The lunch standards — which require more whole grains and vegetables, for example — have been in place for two years, and 93 percent of lunches served meet them. The breakfast standards are phasing in.
In response to pressure from companies that sell foods to schools, the agriculture spending bill would require USDA to establish waivers from the breakfast and lunch standards for school districts that show a net loss in their food service programs over a six-month period. It also would require states to grant such waivers.
And, importantly, any school district that received a waiver wouldn’t have to comply with any of the new standards.
These waivers could do away with the new standards in vast numbers of school districts across the country, jeopardizing progress in combatting obesity and improving children’s nutrition and health. As I’ve explained, many districts could qualify for a waiver simply by no longer reporting in their school food budget the district contributions that help support the food programs. This would create the impression of a net budgetary loss without any actual change in program finances.
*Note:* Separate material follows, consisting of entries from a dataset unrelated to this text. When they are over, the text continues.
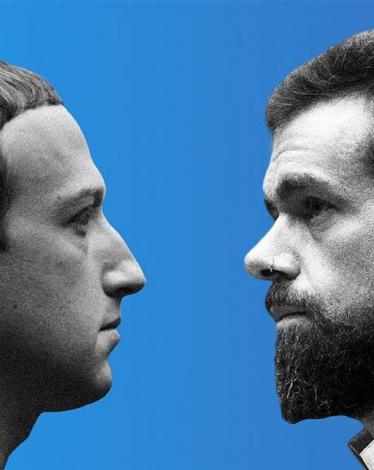 Doc-P-655733-637122575860117819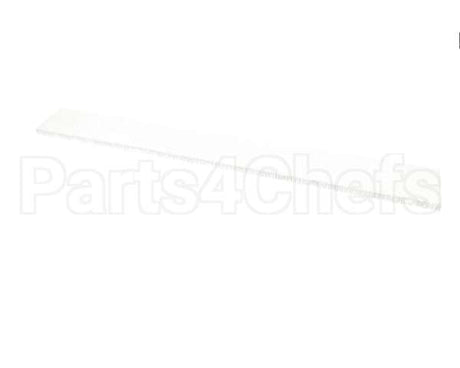 W11462-3A Federal Industries Air Diffuser White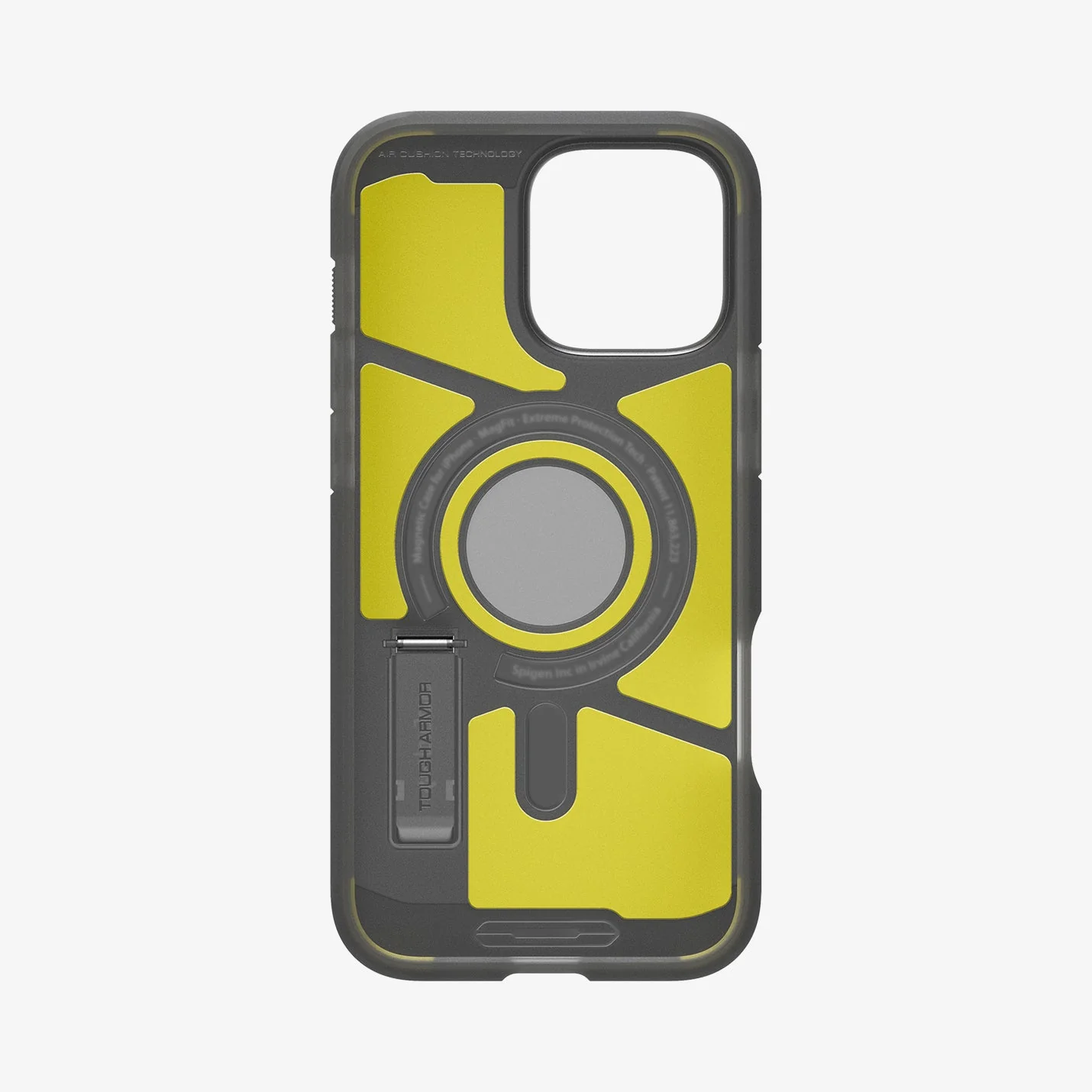 Product image 133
Even districts already complying with the new standards could obtain a waiver.
Waiver proponents note that some individual districts have had trouble complying with specific parts of the standards, such as those related to sodium and whole grains. But statutory waivers aren’t needed to address such concerns. USDA provides extensive technical assistance to school districts that are having difficulty meeting the new standards, and USDA has demonstrated willingness to offer flexibility administratively.
Consistent with this approach, the agriculture spending bill that the Senate Appropriations Committee approved last week would require USDA to develop a comprehensive plan to provide enhanced training and technical assistance to help schools comply with the new standards.
Sweeping waivers wouldn’t address specific concerns regarding the new rules. Instead they would roll back the nation’s significant recent progress in improving children’s diets. Policymakers should put children’s health above industry pressure and refuse to undermine the school meal standards.